A friend sent me this article and it just made me so unhappy.
The article appeared in the Calgary Sun:
For two months, over the thunder of machines at the steel mill, the men taunted Mubeen Rajhu about his sister. Even now, they laugh at how easy it was to make him lose his temper.
Some people had seen Tasleem in their Lahore slum with a Christian man. She was 18, a good Muslim girl, out in public with a man. Even though the man had converted to Islam out of love for her, this couldn’t be allowed.
“Some guys got to know that his sister was having a relationship,” says Ali Raza, a co-worker at the mill. “They would say: ’Can’t you do anything? What is the matter with you? You are not a man.”’
Raza can barely contain a smile as he talks about the hours spent needling Rajhu.
“He used to tell us, ’If you don’t stop, I will kill myself. Stop!”’ Raza says.
He raises his voice to compete with the sounds of the coal-powered mill, and workers blackened by its dust gather to listen. They too smile. A few laugh at the memory of Rajhu’s outbursts.

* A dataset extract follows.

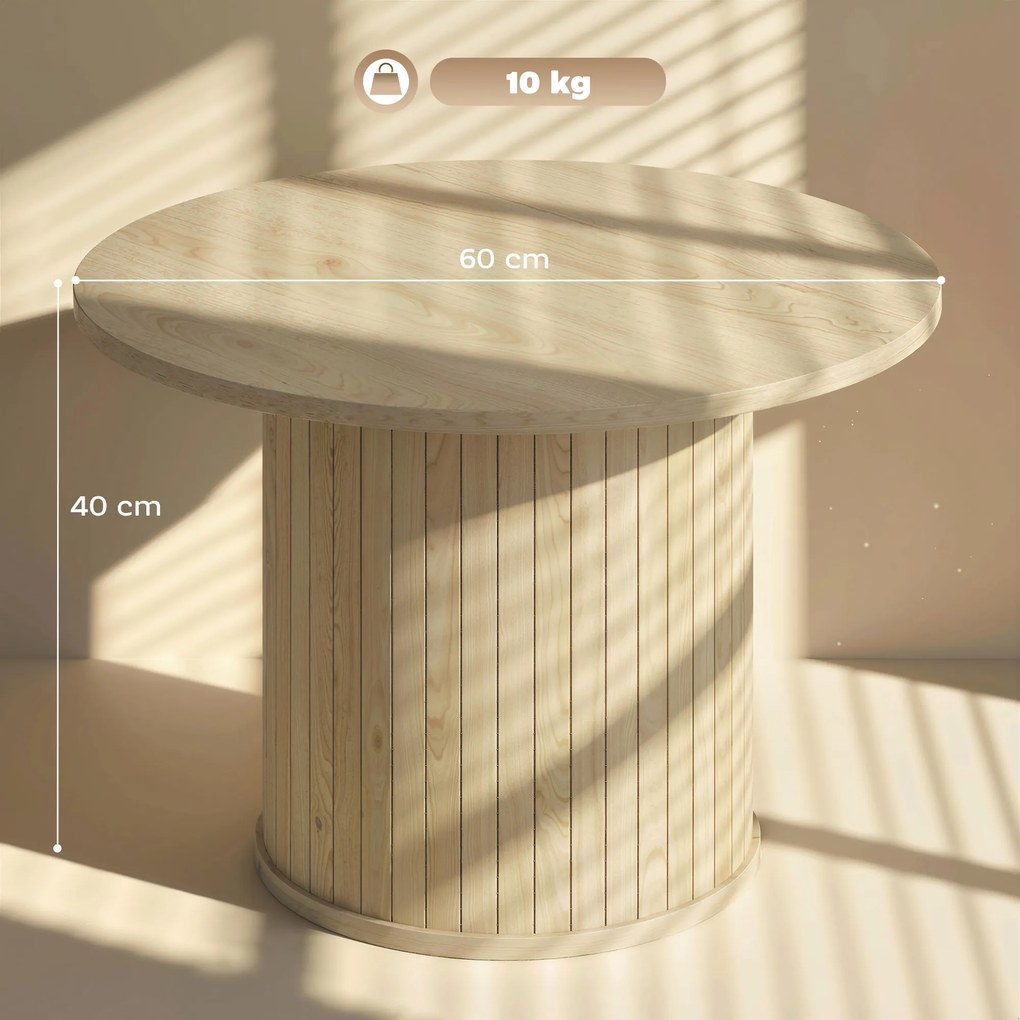 Mesa de Centro Redonda com Base de Coluna de Ripas para Sala de Estar ou Quarto Ø60x40 cm Madeira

“The guys here told him, ’It would be better to kill your sister. It is better than letting her have this relationship,”’ Raza says.
Rajhu told them he had bought a pistol, and one day in August he stopped coming to work.
Rajhu discovered that his sister had defied the family and married the Christian. For six days he paced. His rage grew. How could she?
He watched her laughing on the phone, ignoring their mother’s pleas to leave the man.
On the seventh day, he retrieved the pistol from where he had hidden it and walked up to his sister and with one bullet to the head, he killed her.
Killed her? He murdered a defenseless woman. This is the exact opposite of what a brother should do for a sister. Instead, he should use force to protect her from evil – not bring the evil himself.
But what was interesting was how everyone accepted it:
In the vast majority of cases, the “honour” killer is a man and the victim is a woman.
She is a sister who falls in love with a man not of her family’s choosing. She is a daughter who refuses to agree to an arranged marriage, sometimes to a man old enough to be her father. She is a wife who can no longer stay in an abusive marriage and divorces her husband.
He is a brother, like Rajhu, who cannot bear the taunts of other men brought up as he was, believing that women are subservient and must be kept in the shadows, their worth often measured by the number of sons they can produce. He is a neighbour, like Raza at the plant, who doesn’t think his friend did anything wrong in taking his sister’s life. He is a father, like Tasleem’s, who is angry about her killing not because she is dead, but because her death will reveal her “shame” to other members of the family and beyond.
The father says some terrible things about the daughter, and is completely oblivious to looking at things from her perspective.
In some places, it really is very difficult to be a Christian:
The man Tasleem married, Jehangir, fled the night she was killed. The gate to his home, barely a block from Tasleem’s, is padlocked. But the fallout from his love for Tasleem has engulfed the members of the small Christian community living in the area.
Earlier this month, just weeks after the killing, gunmen fired shots into their homes. No one was hurt, but no one has slept well since. In this majority Muslim country, Christians make up barely 5% of the population and in recent years have come under increasing attack by militants, who insist all non-Muslims are unbelievers. Yet Pakistan’s minorities, including Christians, are protected in the country’s constitution.
“We have been scared since the killing took place,” says a neighbour, Shahzia Masih, sitting in a small room decorated with pictures of Jesus and Mary. “There are just a few houses of Christians here, but we have nowhere else to go.”
I suppose that since I am tough on women choosing good men, someone might ask me what I would do if my sister married an atheist. Answer: I have a longstanding policy of always putting my relationships with Christians above family members who aren’t interested in Christianity. I naturally prefer to do things with people who don’t shush me when I want to be myself and speak about the beliefs that matter to me. I’m fine with people who let me be myself, family or non-family. I certainly don’t expect everyone to agree with me. All I ask is that if they want a relationship with me, that they not stifle me. I have atheists cousins that I play online games with, but they don’t shush me about my beliefs and moral views at all. My atheist aunt and uncle know that they can get me to do things if they let me talk about the things I care about. But they don’t have to agree with me, of course. Because they don’t believe what I believe. I like to say what I think, but I don’t want anyone to be scared into agreeing with me. I’m different from Islam and the secular left in that respect. You believe what you want, but let me believe what I want if you want me to be your friend. Surprising how many Muslims and progressives won’t take that deal.
I am pretty confident in Christianity as a worldview in the sense that I believe that if people put reason and evidence first, then they will arrive at Christianity. It doesn’t make any sense to try to coerce people into it… Jesus is the Son of God, and he had all the power in the world to coerce. He wasn’t willing to do it, not even to save his own life when he took on the form of a man in order to meet with his creatures and rescue them. That means something to me. You just have to read Philippians 2 to see that this unwillingness to use power, but to instead serve others, is at the core of Christian teaching.